Government-Supported Religion

North Carolina Wants To Erect A Statue Of Billy Graham In The U.S. Capitol. It Should Consider Other Options.

  Rob Boston

North Carolina officials have decided to remove a statue of a white supremacist from the U.S. Capitol. That’s good. They plan to replace it with a statue of evangelist Billy Graham. That’s underwhelming.

The Capitol contains a section called Statuary Hall, where each state is permitted to erect two statues of people from their state who have done something noteworthy. You will see lots of familiar faces there. Virginia contributed George Washington, Kansas erected a statue of Dwight D. Eisenhower and Alabama put up a likeness of Helen Keller.

Other folks are not household names but still did interesting things. One of Nebraska’s statues honors Julius Sterling Morton, who pioneered new techniques in agriculture and founded Arbor Day.

North Carolina has decided that’s time for one of its statues to go. The image depicts Charles Brantley Aycock, who was governor of the state from 1901-05. Aycock is mainly known for being a white supremacist. He doesn’t deserve this honor.

But the state’s plan to replace Aycock with Graham isn’t right either. While Graham certainly has his fans, his claim to fame is that he was an evangelist for fundamentalist Christianity. He spent his life trying to convert people to his brand of that faith. That’s great for conservative Christianity, but it didn’t do anything to advance the public interest.

Plus, Graham’s record on human rights was weak at best. While he wasn’t an overt racist, Graham did little to advance civil rights during his career. Graham was a popular figure who could have used his considerable social capital to attack racism. He lacked the moral courage to do it.

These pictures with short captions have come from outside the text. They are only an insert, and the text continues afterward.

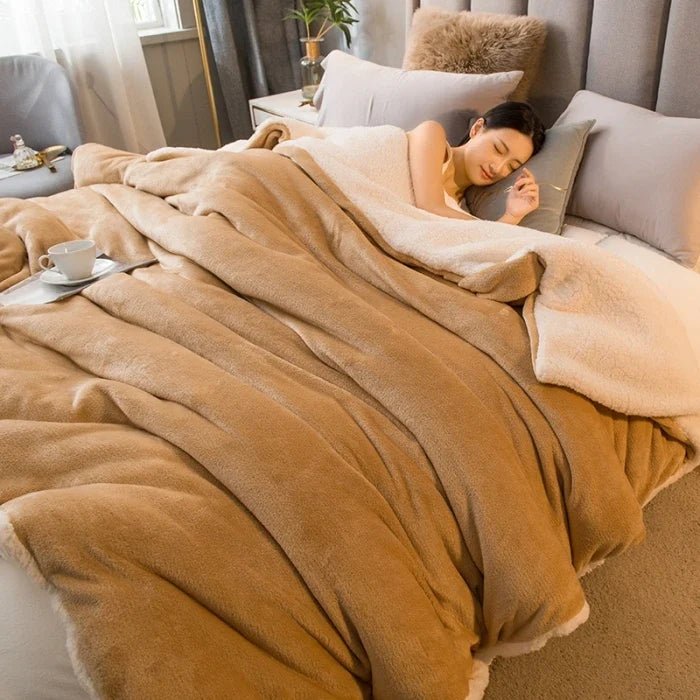 Double-Sided Flannel & Fleece Throw Blanket – Soft Warm Blanket for Bed and Couch, 12 Colors, 5 Sizes Camel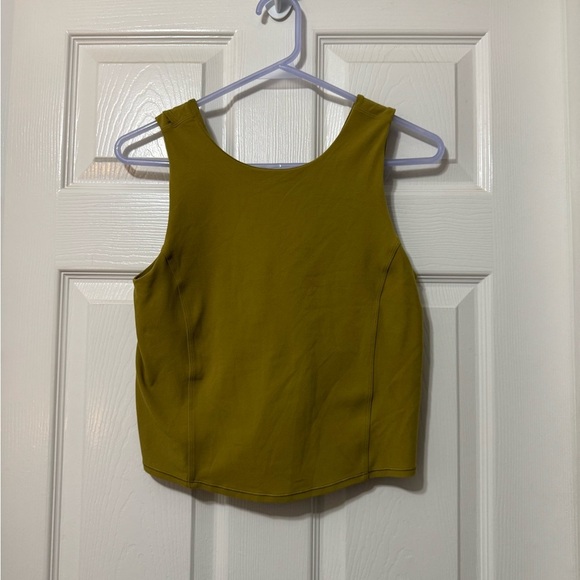 lululemon athletica Tops - Lululemon nulu twist back yoga tank top size 8 euc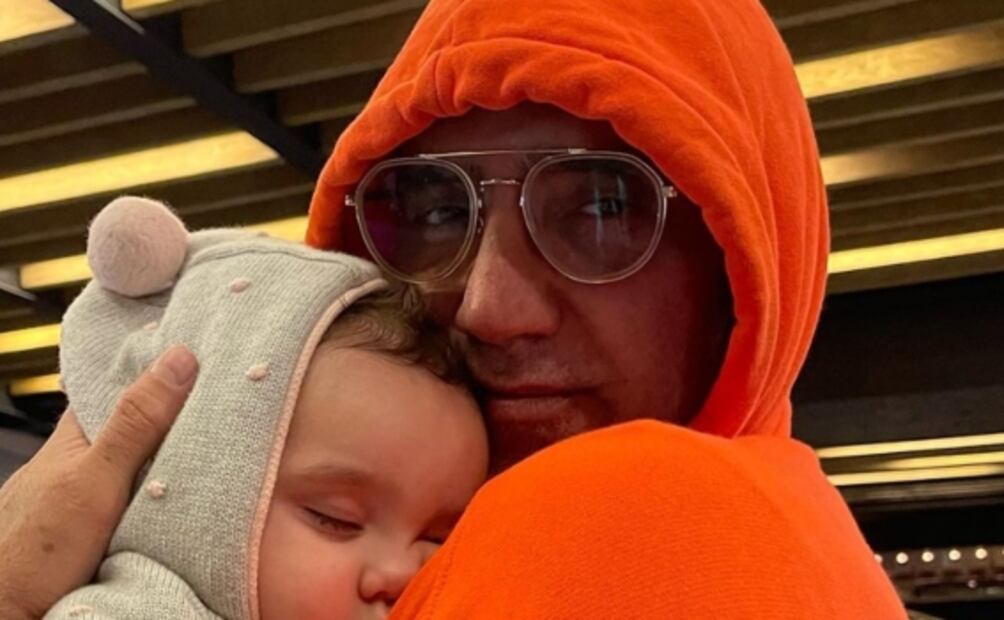 ¡Abuelo amoroso! Así luce Alejandro Fernández con su segunda nieta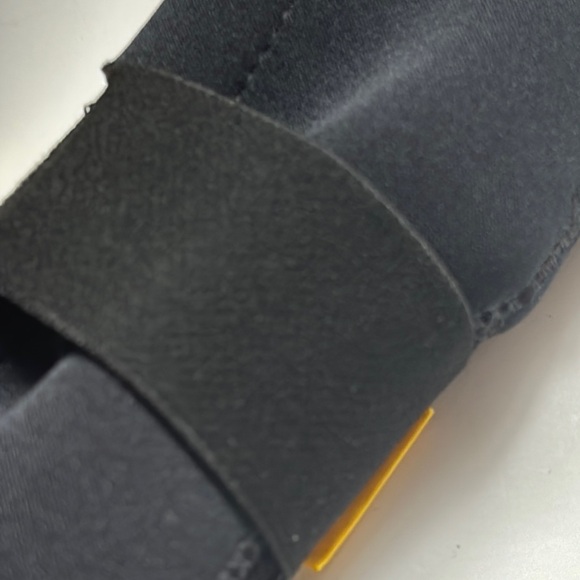 3M Futuro Wrist Left Brace for Compression and Support in Black - Picture 4 of 14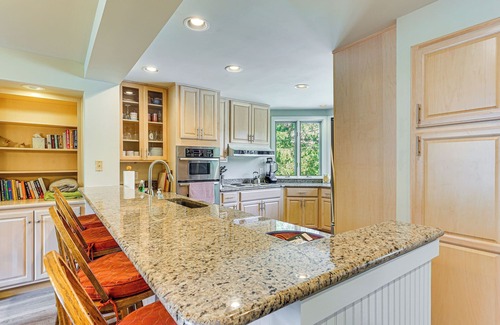 West Dover House | Walk to Ski Lift: Spacious Condo in West Dover!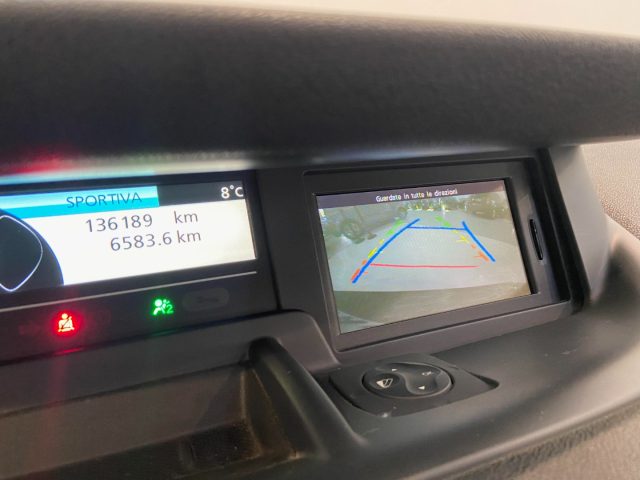 RENAULT Scenic usata, con Chiusura centralizzata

During the presidency of Richard M. Nixon, Graham made anti-Semitic comments while visiting the White House, unaware he was being recorded. He later apologized – when the tape became public 30 years later. And Graham, like many conservative Christians, opposed LGBTQ rights. His views on women’s rights were also often paternalistic.

North Carolina has a storied history with plenty of native sons and daughters who have done great things. Why give a coveted slot like this to someone whose contribution to society is minimal and whose views were often problematic?

As I told The Forward recently, “North Carolina should not swap one divisive, exclusionary figure for another; two wrongs don’t make a right.”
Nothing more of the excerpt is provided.